#### Your task
Could you repeat exactly the lines below, from the line containing "Beethoven:Violin Con.D Majo(中古品)" through the last one, both included, while leaving out any pictures?

#### Recorded information
—————
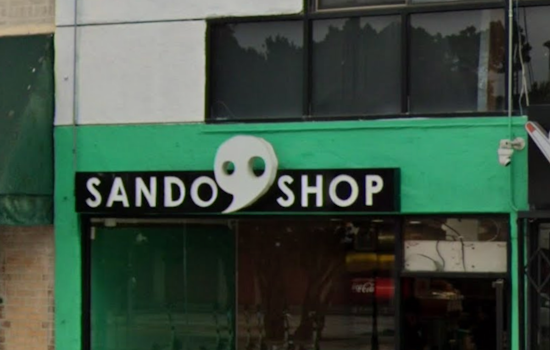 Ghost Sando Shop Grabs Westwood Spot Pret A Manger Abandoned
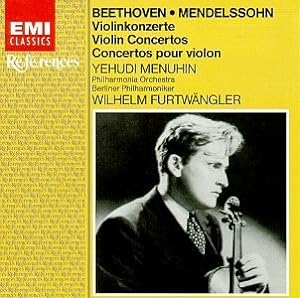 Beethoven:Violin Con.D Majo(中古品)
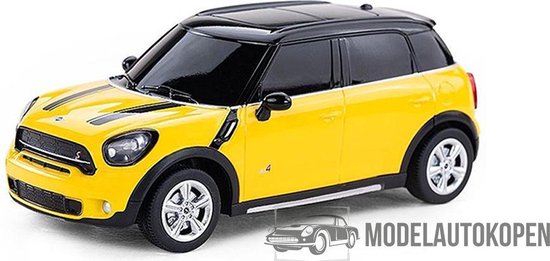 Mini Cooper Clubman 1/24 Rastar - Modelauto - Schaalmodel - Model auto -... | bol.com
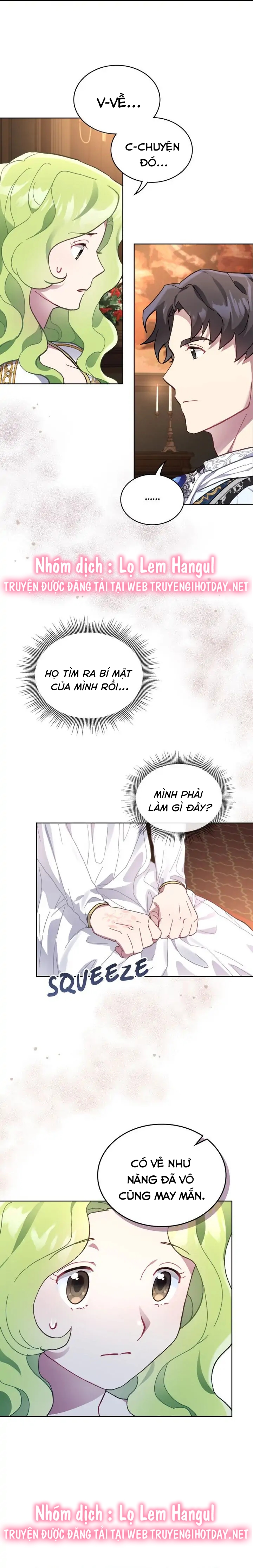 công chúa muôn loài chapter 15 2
—————
#### Response to the exercise
 Beethoven:Violin Con.D Majo(中古品)
 Mini Cooper Clubman 1/24 Rastar - Modelauto - Schaalmodel - Model auto -... | bol.com
 công chúa muôn loài chapter 15 2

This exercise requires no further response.